▸ GIVEN INFORMATION:
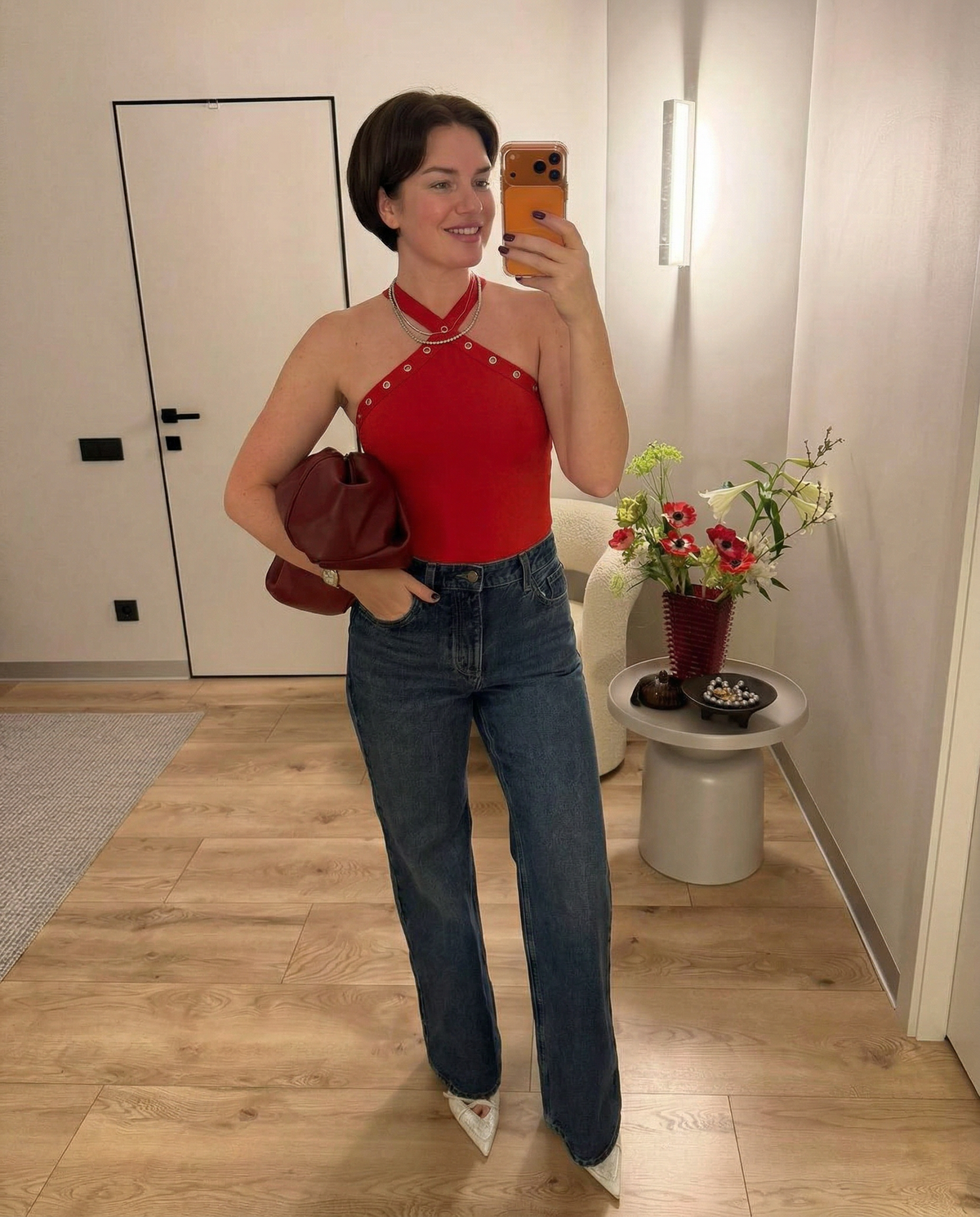Aria | Halter Bodysuit Red Studded Straps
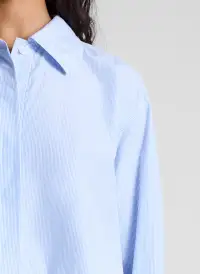 Maude Cropped Cotton Shirt(Light Blue/White Stripe,XS)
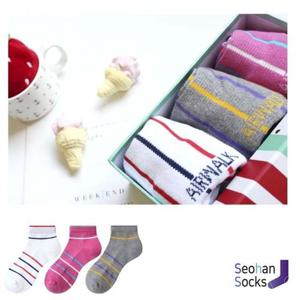 에어워크 배색 단가라 여자 스포츠 양말 3족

▸ WORK TO BE COMPLETED: Having located the line with "Maude Cropped Cotton", copy it exactly along with every later line through the end of the listing above, but omit the pictures.

▸ SOLUTION TO THE PROBLEM:
 Maude Cropped Cotton Shirt(Light Blue/White Stripe,XS)
 에어워크 배색 단가라 여자 스포츠 양말 3족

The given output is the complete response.